Kathleen Walker: “Fees to the public is one of our primary evaluation criteria that we’re looking at, so we’re wanting to keep those as low as possible.”

The Forest Service intends to award a single “special permit” for one private business to run about 60 sites on Mount Hood, including Bagby. Officials say Bagby won’t be a very profitable spot. With security, cleaning, and maintenance, they say it costs more than most campgrounds. But Walker says the potential for profit offers an incentive for a company to come in.

Kathleen Walker: “None of us can all survive, if they’re not making somewhat of a profit.”

Amy Harwood: “Well, or a non-profit could take on the concessionaire.
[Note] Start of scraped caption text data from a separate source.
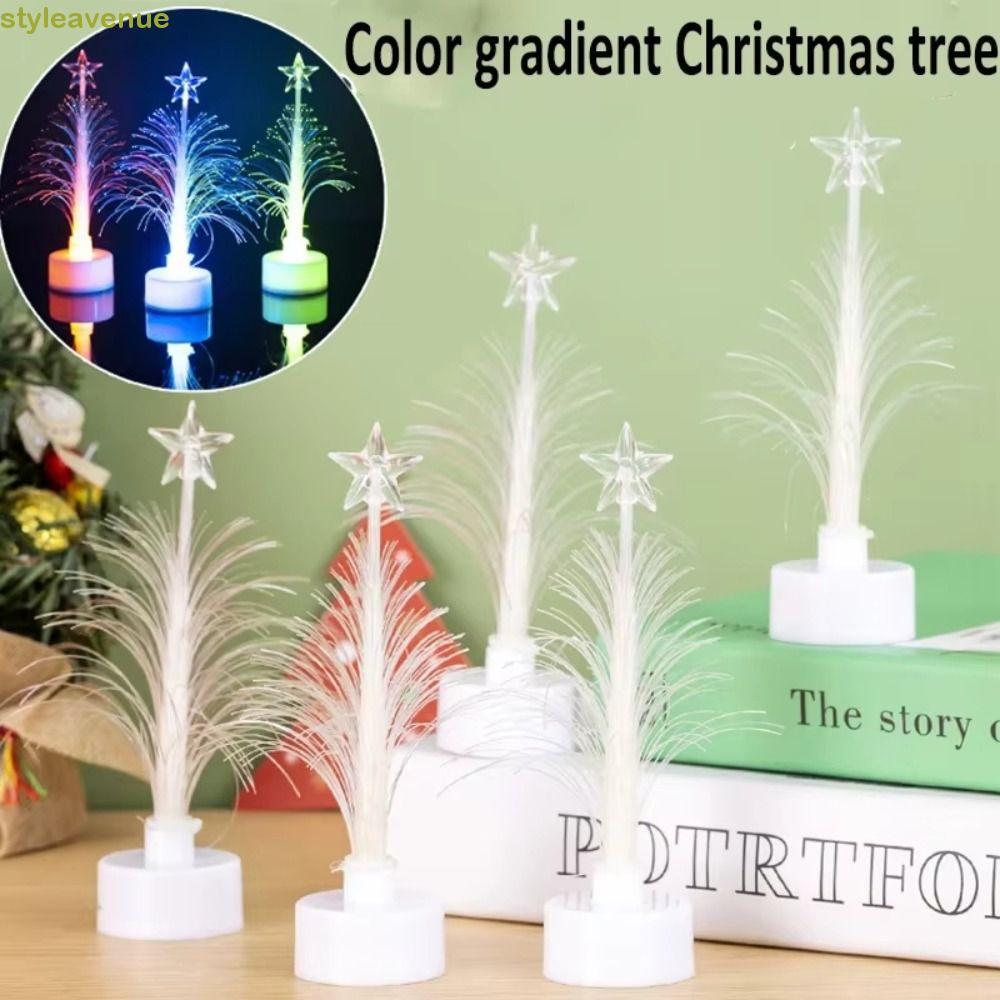 STYLEAVENE LED Christmas Fiber Tree, Luminous Color-changing Color-changing Tree, LED Light Fiber Op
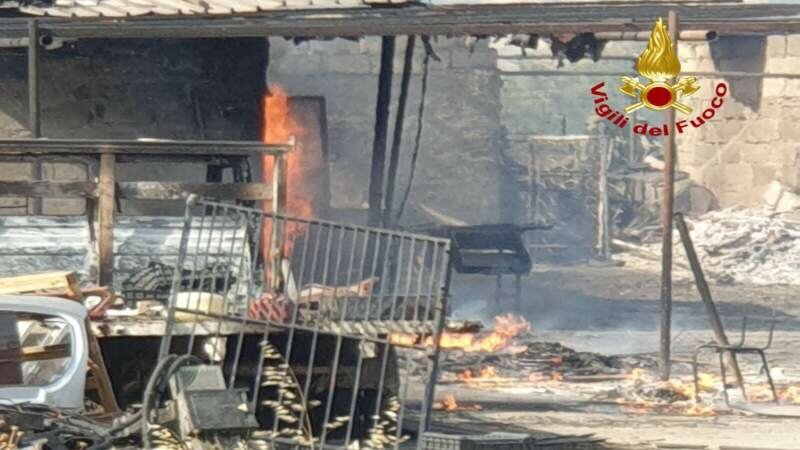 Fiamme a Grammichele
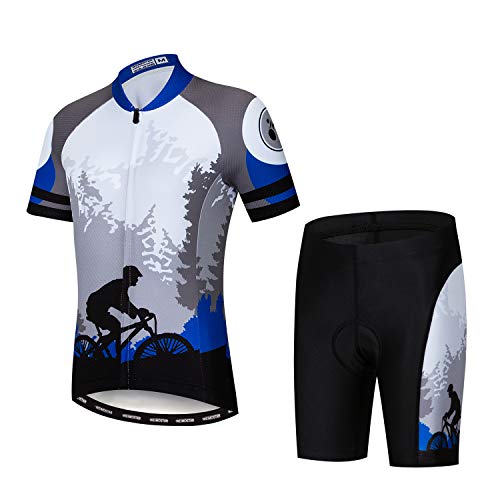 Radtrikot Set Kinder, Fahrrad Kurzarm T-Shirt Jungen Mädchen Cartoon Tops Schnell trocknend S-XXL Radtrikot Set Kinder, Fahrrad Kurzarm T-Shirt Jungen Mädchen Cartoon Tops Schnell trocknend S-XXL von JPOJPO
There could be not a profit made off of this.”

That’s Amy Harwood. She’s with Bark, an environmental group that focuses on Mt. Hood.  Bark is calling for non-profit management. Her group has been critical of private management of campgrounds – and says it’s led campers to seek less safe parts of the forest, to avoid the fees.

Harwood was told that her idea of non-profit management wouldn’t work because typically large businesses are the ones with the fleet of vehicles and insurance to manage a portfolio of sites. She’s concerned the company with the right qualifications for the Forest Service won’t have the right qualities for the public.

Amy Harwood: “What are the values of the companies running these sites? Do they meet the values of the people who are actually using these sites?”

Michael Ryvasy has the same concerns. He says for instance – people love coming to Bagby at night. But people on all sides agree that’s when vandalism, trash, and alcohol become problems. Ryvasy expects that a private company would close the hot springs after dark.

Michael Ryvasy: “It’s hard to regulate at night – you’re going to have somebody stationed at 3 in the morning when the bars closed, to get your five-dollars, or your fee, from people coming up from the bars.It certainly is problematic. Soaking in hot springs at night is something that a lot of people find a unique experience, magical, looking up at the stars. And especially here in the Northwest – it gets dark kind of early in the winter.”

Ryvasy says involving volunteers and outside fundraising could have produced an alternative to private management. But Forest Service officials say volunteers aren’t a substitute for paid staff – and they say it’s premature to assume Bagby will close at night.

What contractors will do isn’t clear. The Forest Service says three companies have looked at the sites going up for bid, but formal bids were slow to come in. A decision about what company will run Bagby could come before the end of the year.